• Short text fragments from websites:
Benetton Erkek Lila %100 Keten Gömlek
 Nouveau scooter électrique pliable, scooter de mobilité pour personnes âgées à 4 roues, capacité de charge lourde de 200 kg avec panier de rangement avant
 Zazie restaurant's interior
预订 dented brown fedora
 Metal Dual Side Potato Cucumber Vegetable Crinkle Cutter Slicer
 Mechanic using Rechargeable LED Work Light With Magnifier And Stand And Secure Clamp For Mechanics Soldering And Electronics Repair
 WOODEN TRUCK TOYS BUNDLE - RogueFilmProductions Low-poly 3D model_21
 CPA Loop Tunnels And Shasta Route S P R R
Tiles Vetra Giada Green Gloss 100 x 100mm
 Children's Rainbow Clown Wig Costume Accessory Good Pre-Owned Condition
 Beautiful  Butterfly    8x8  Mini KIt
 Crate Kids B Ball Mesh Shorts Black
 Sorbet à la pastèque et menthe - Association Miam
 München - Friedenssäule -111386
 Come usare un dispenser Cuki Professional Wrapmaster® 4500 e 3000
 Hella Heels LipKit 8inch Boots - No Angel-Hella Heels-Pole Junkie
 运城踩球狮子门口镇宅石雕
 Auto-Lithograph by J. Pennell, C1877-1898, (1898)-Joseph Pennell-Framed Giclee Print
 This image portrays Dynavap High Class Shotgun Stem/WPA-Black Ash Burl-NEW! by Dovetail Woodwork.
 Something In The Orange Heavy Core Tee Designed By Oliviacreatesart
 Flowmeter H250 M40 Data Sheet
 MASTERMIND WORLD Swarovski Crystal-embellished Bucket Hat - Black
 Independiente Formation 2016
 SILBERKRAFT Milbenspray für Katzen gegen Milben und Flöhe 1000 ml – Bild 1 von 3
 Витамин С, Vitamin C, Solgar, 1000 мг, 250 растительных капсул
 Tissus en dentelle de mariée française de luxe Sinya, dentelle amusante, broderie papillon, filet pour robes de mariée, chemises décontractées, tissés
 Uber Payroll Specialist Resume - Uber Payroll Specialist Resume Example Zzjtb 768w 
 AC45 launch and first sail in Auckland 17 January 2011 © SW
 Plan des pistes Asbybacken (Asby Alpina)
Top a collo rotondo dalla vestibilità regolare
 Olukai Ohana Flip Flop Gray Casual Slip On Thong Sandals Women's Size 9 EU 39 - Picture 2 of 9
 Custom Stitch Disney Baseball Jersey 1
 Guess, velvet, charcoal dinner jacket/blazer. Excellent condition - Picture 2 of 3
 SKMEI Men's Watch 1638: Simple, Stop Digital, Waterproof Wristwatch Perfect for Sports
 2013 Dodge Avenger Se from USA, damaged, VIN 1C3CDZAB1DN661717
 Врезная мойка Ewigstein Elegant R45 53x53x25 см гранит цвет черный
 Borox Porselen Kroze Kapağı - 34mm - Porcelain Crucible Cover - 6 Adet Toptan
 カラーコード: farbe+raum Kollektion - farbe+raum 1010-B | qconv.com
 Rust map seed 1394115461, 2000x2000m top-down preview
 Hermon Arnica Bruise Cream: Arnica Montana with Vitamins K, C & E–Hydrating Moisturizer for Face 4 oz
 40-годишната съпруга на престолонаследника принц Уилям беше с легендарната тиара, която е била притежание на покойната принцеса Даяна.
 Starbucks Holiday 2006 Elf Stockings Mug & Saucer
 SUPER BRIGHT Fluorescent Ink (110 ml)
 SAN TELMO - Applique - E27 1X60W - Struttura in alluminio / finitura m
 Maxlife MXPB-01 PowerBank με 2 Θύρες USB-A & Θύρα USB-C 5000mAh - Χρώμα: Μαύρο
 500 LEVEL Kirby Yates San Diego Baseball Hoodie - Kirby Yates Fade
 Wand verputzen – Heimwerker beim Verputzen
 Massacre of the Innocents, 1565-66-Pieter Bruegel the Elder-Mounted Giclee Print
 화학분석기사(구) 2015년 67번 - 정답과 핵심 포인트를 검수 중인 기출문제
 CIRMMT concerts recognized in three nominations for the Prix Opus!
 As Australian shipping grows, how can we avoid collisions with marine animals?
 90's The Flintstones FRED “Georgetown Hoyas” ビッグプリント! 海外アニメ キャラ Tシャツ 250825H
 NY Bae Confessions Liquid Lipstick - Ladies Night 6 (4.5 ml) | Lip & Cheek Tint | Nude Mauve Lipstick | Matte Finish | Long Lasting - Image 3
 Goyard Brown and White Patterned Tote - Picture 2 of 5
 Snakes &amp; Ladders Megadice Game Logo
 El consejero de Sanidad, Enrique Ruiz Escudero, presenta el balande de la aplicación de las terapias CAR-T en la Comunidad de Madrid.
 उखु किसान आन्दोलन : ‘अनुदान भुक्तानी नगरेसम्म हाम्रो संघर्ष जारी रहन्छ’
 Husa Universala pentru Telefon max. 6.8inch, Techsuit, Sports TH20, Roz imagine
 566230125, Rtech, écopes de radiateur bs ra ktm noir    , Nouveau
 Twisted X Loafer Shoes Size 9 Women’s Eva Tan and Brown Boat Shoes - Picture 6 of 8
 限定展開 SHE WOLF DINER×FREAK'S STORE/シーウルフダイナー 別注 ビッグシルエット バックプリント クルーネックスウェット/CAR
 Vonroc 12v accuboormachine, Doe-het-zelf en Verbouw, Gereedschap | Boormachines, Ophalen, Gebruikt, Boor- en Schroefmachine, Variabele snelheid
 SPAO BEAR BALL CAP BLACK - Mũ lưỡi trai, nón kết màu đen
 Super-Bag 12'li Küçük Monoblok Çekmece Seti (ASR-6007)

• Your instructions: Reproduce verbatim the lines above, from the line with "SUPER BRIGHT Fluorescent Ink (110 ml)" through the line with "As Australian shipping".

• Answer to this problem:
 SUPER BRIGHT Fluorescent Ink (110 ml)
 SAN TELMO - Applique - E27 1X60W - Struttura in alluminio / finitura m
 Maxlife MXPB-01 PowerBank με 2 Θύρες USB-A & Θύρα USB-C 5000mAh - Χρώμα: Μαύρο
 500 LEVEL Kirby Yates San Diego Baseball Hoodie - Kirby Yates Fade
 Wand verputzen – Heimwerker beim Verputzen
 Massacre of the Innocents, 1565-66-Pieter Bruegel the Elder-Mounted Giclee Print
 화학분석기사(구) 2015년 67번 - 정답과 핵심 포인트를 검수 중인 기출문제
 CIRMMT concerts recognized in three nominations for the Prix Opus!
 As Australian shipping grows, how can we avoid collisions with marine animals?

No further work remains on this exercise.